Beoordeling van de kinderopvangtoeslag als sociale voorziening in het kader van het VN-Vrouwenverdrag

In deze uitspraak van de Rechtbank Overijssel, gedateerd 6 december 2018, staat de kinderopvangtoeslag centraal. Eiseres, vertegenwoordigd door haar gemachtigde mr. M.H. Smit, heeft beroep ingesteld tegen besluiten van de Belastingdienst/Toeslagen, die de kinderopvangtoeslag voor 2015 definitief heeft vastgesteld op € 10.755,- en een bedrag van € 4.207,- aan te veel uitgekeerde toeslag heeft teruggevorderd. De rechtbank heeft het onderzoek ter zitting op 12 februari 2018 en 13 september 2018 gehouden, waarbij eiseres en haar partner aanwezig waren, en de Belastingdienst werd vertegenwoordigd door A.A. Wubs en W.D. Carrière.

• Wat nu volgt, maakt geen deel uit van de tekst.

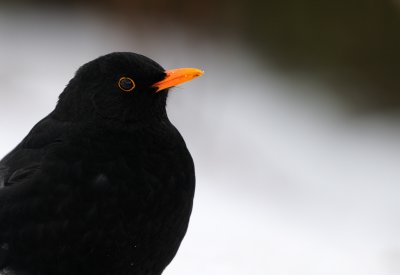 Koltrast - Blackbird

De rechtbank oordeelt dat de kinderopvangtoeslag kan worden aangemerkt als een sociale voorziening in de zin van artikel 11, tweede lid, aanhef en onder b van het VN-Vrouwenverdrag. De rechtbank stelt vast dat de uitlooptermijn van de Wkkp, die eiseres toekwam na haar zwangerschaps- en bevallingsverlof, niet mag leiden tot een bekorting van haar recht op kinderopvangtoeslag. De rechtbank vernietigt het bestreden besluit III van de Belastingdienst en herroept het primaire besluit, waarbij de kinderopvangtoeslag voor 2015 definitief wordt vastgesteld op € 13.713,71. Tevens wordt de Belastingdienst veroordeeld tot vergoeding van de proceskosten van eiseres, vastgesteld op € 1.252,50.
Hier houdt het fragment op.